WASHINGTON — President Trump expressed cautious optimism Tuesday about the prospects of nuclear talks with North Korea, but said the U.S. would wait and see how things play out — and he did not rule out the military option.

"There’s been a lot of news on that today, hopefully it’s positive," Trump said during a joint news conference with Swedish Prime Minister Stefan Löfven. "Hopefully it will lead to a very positive result.”

Earlier, before an Oval Office meeting with Löfven, Trump declined to say whether he would establish preconditions for nuclear talks with North Korea.

The president, who has not ruled out military force if North Korea absolutely refuses to give up its nuclear weapons programs, also said he would not let the dispute "fester" much longer.

"One way or the other, we have to do something," Trump said.

During the news conference, Trump again blamed his predecessors for allowing the North Korea nuclear program to grow and credited his own policies for the prospect of talks: Sanctions, he said, "have been very, very strong and biting."  

Trump, who has sent mixed signals on negotiating with North Korea, once admonished his own secretary of State for being willing to talk to North Korea, calling the exercise a "waste of time."

But the president has appeared to warm to the idea recently, even joking about it over the weekend at a dinner with Washington journalists. "I won't rule out direct talks with Kim Jong Un. I just won't," he said. "As far as the risk of dealing with a madman is concerned, that's his problem, not mine."

And in a tweet earlier on Tuesday, Trump said progress was possible, but cautioned that the North Korean overtures "may be false hope." He also tweeted that "the World is watching and waiting!" and that "the U.S. is ready to go hard in either direction!"

The meeting with the Swedish prime minister came shortly after North Korea said it would agree to hold talks with the United States about its nuclear weapons programs; administration officials have said they would not agree to talks until leader Kim Jong Un agreed to give up those weapons.

“I think that their statement, and the statements coming out of South Korea and North Korea have been very positive," Trump said. "That would be a great thing for the world.
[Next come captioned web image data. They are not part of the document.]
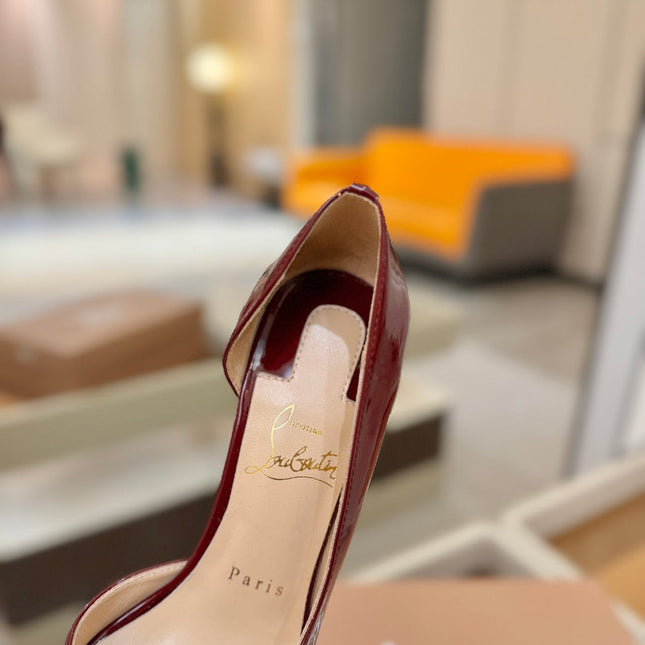 CHRISTIAN LOUBOUTIN 26S CUTOUT SIDE PUMP HEELS 105 MM IN DARK RED PATENT CALFSKIN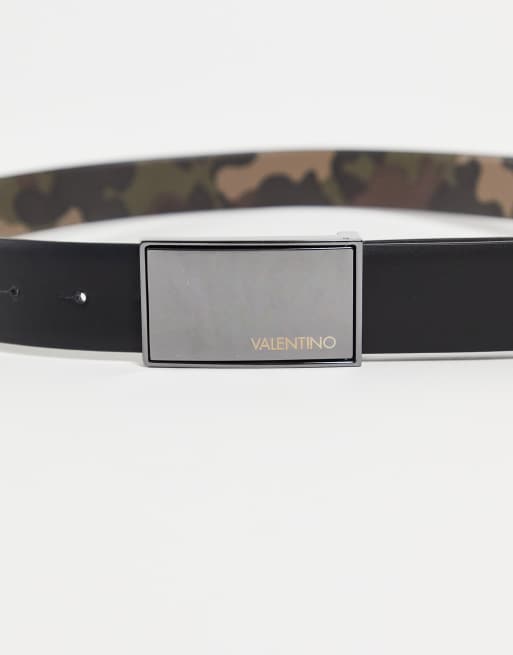 Valentino Bags Archery 2 buckle leather belt gift set in camo ASOS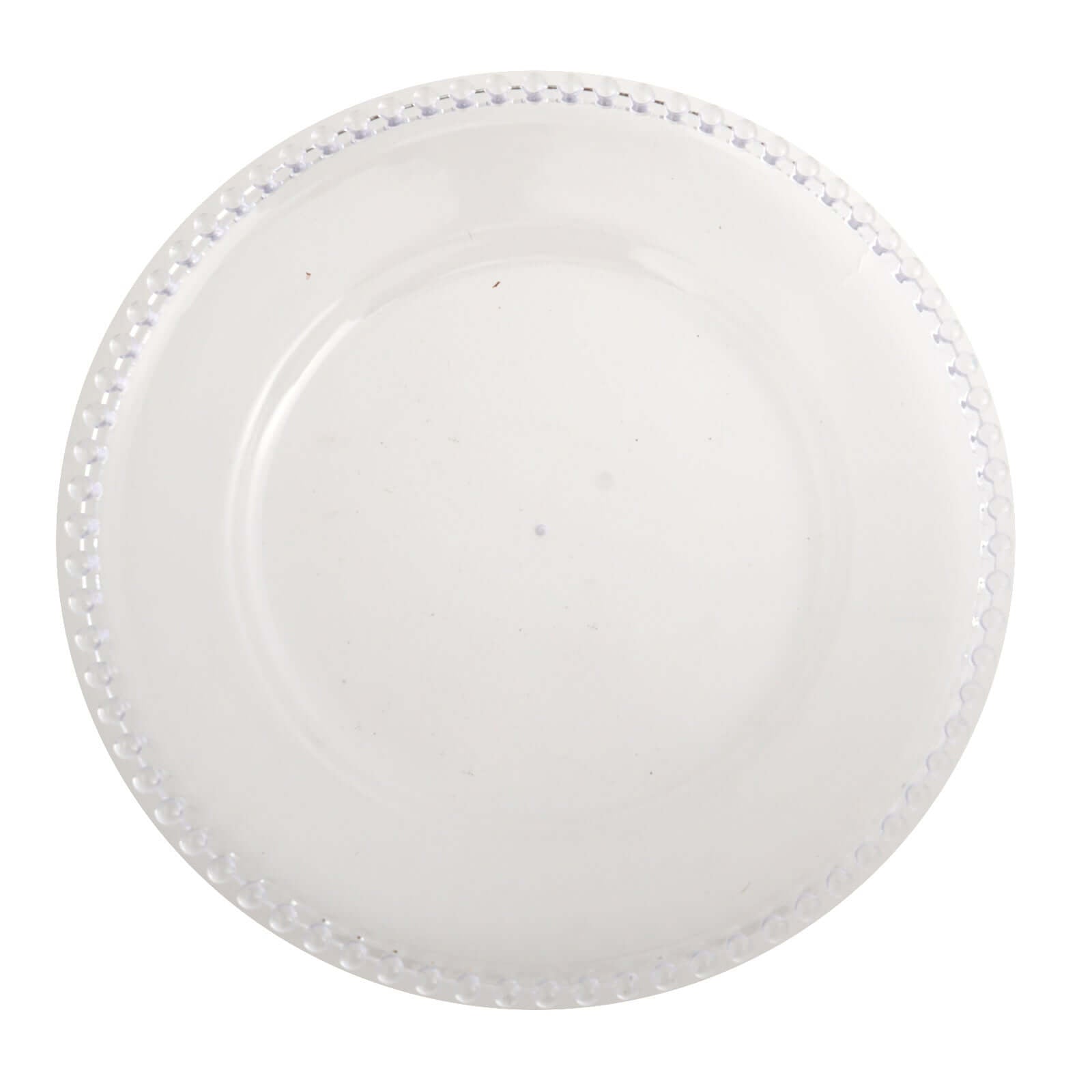 6 - Pack Acrylic Round Charger Plates 13" in Clear with Beaded Rim, Decorative Dinner Party Serving Plates - Linen Luxes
A great thing for the world. So we’ll see how it all comes about.”

More: What you need to know about potential U.S.-North Korea talks

Löfven, a former welder and Swedish metal workers union leader, is the first member of the European Union leader to visit the White House since Trump pledged to impose tariffs on steel and aluminum.

EU leaders like Löfven have criticized Trump's plan to place tariffs of 25% on steel imports and 10% on aluminum; Sweden exports both products.

The American and Swedish leaders also discussed North Korea. Sweden has long had diplomatic relations with Kim's government.

Löfven described the situation on the Korean Peninsula said one of the world's "key regional and global security challenges.

As a non-aligned country, Löfven said Sweden is willing to help broker potential negotiations between the U.S. and North Korea.

In his remarks, Trump thanked Sweden for advocating the release of Americans who have been detained in North Korea, "and we remain determined to achieve a de-nuclearization of the Korean Peninsula."